Before implementing the entire Naive Bayes algorithm, create a helper function `bag_it()` to create a bag of words representation from a document's text.

In [25]:
# Your code here

def bag_it(text):
    #tokenize the words
    words = word_tokenize(text)
    
    #initialize a defaultdict to store word frequencies
    bag_of_words = defaultdict(int)
    
    #count the occurrences of each word
    for word in words:
        bag_of_words[word] += 1
    
    return bag_of_words

#example
text = "Juggling a dripping watermelon, the eccentric violinist sprinted between raindrops, his melody a whimsical challenge to the approaching storm"
bag_of_words = bag_it(text)
print("Bag of words representation:", bag_of_words)
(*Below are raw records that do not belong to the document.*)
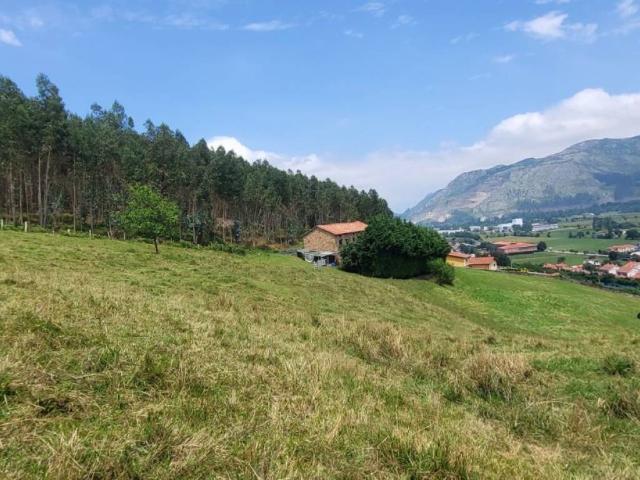 Casa en venta en Los Corrales De Buelna, Cantabria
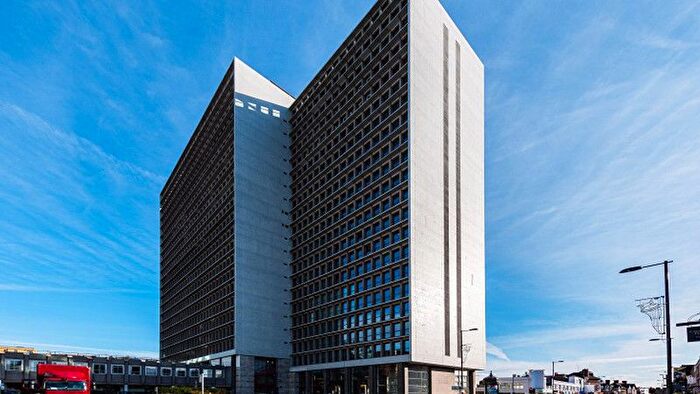 2 Bedroom Flat To Rent In High Street, Croydon, CR0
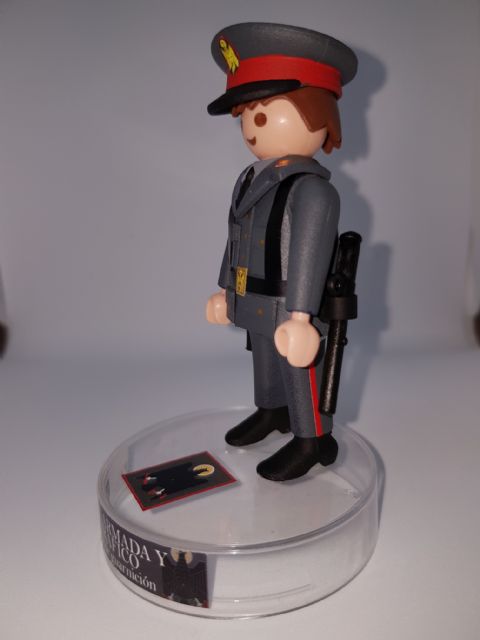 POLICIA ARMADA (GRISES)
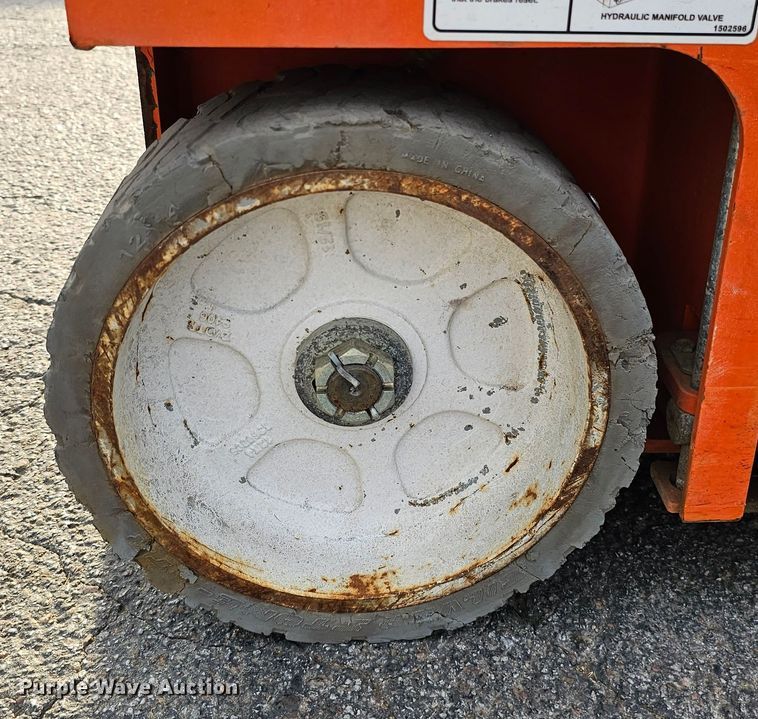 image for item DQ1107 2017 Snorkel S3219E  scissor lift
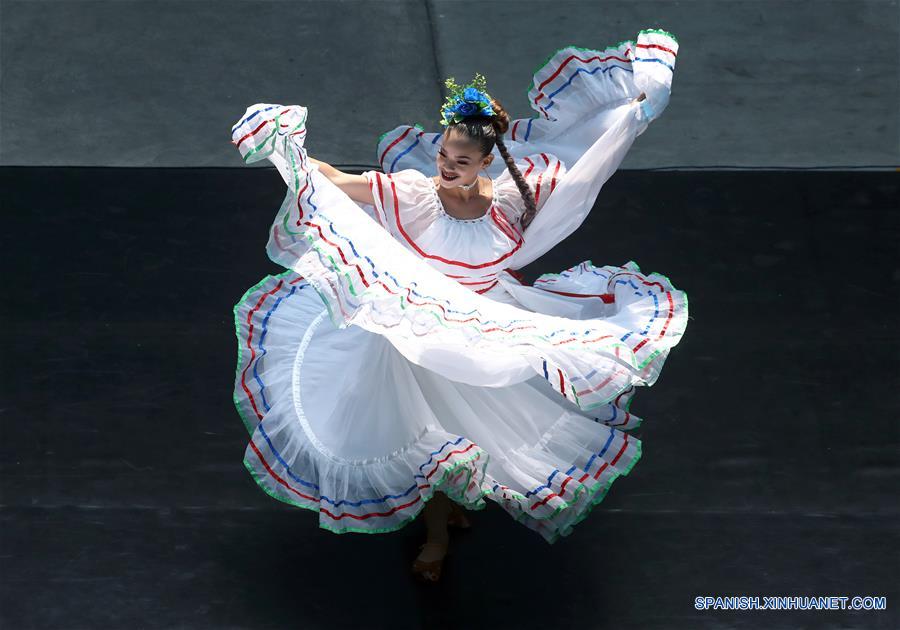 PERU-LIMA-DANZA
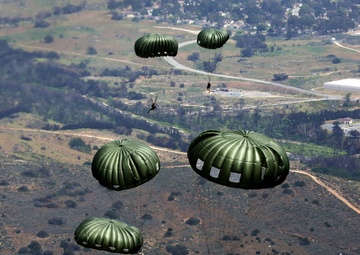 Marines test their skills in the air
Bag of words representation: defaultdict(<class 'int'>, {'Juggling': 1, 'a': 2, 'dripping': 1, 'watermelon': 1, ',': 2, 'the': 2, 'eccentric': 1, 'violinist': 1, 'sprinted': 1, 'between': 1, 'raindrops': 1, 'his': 1, 'melody': 1, 'whimsical': 1, 'challenge': 1, 'to': 1, 'approaching': 1, 'storm': 1})


## Implementing Naive Bayes

Now, implement a master function to build a naive Bayes classifier. Be sure to use the logarithmic probabilities to avoid underflow.

In [26]:
import math

In [27]:
# Your code here
def classify_doc(doc, class_word_freq, p_classes, V, return_posteriors=False):
    words = doc.split()
    
    # create dictionary to store class probabilities
    class_probs = {}
    
    #calculate class probabilities using Naive Bayes formula
    for label, word_freq in class_word_freq.items():
        class_probs[label] = math.log(p_classes[label])  #initialize with prior probability
        
        for word in words:
            #add Laplace smoothing for words not in the class's word frequency dictionary
            word_freq_with_smoothing = word_freq.get(word, 0) + 1
            #calculate the probability of the word given the class
            word_prob = math.log(word_freq_with_smoothing / (sum(word_freq.values()) + V))
            class_probs[label] += word_prob
    
    #return the class with the highest probability
    predicted_class = max(class_probs, key=class_probs.get)
    
    if return_posteriors:
        #normalize class probabilities to obtain posteriors
        class_posteriors = {label: math.exp(prob - class_probs[predicted_class]) for label, prob in class_probs.items()}
        return predicted_class, class_posteriors
    else:
        return predicted_class

## Test your classifier

Finally, test your classifier and measure its accuracy. Don't be perturbed if your results are sub-par; industry use cases would require substantial additional preprocessing before implementing the algorithm in practice.

In [28]:
# Your code here
class_word_freq = {label: dict(bag_it(' '.join(train_df[train_df['class'] == label]['text']))) for label in train_df['class'].unique()}

#create prior probabilities dictionary
total_documents = len(train_df)
p_classes = {label: count / total_documents for label, count in train_df['class'].value_counts().items()}

#test the classifier on the test set
correct_predictions = 0
total_predictions = len(test_df)

for index, row in test_df.iterrows():
    doc = row['text']
    true_label = row['class']
    
    predicted_label = classify_doc(doc, class_word_freq, p_classes, V)
    
    if predicted_label == true_label:
        correct_predictions += 1

accuracy = correct_predictions / total_predictions
print("Accuracy:", accuracy)

Accuracy: 0.9345291479820628


## Level up (Optional)

Rework your code into an appropriate class structure so that you could easily implement the algorithm on any given dataset.

## Summary

Well done! In this lab, you practiced implementing Naive Bayes for document classification!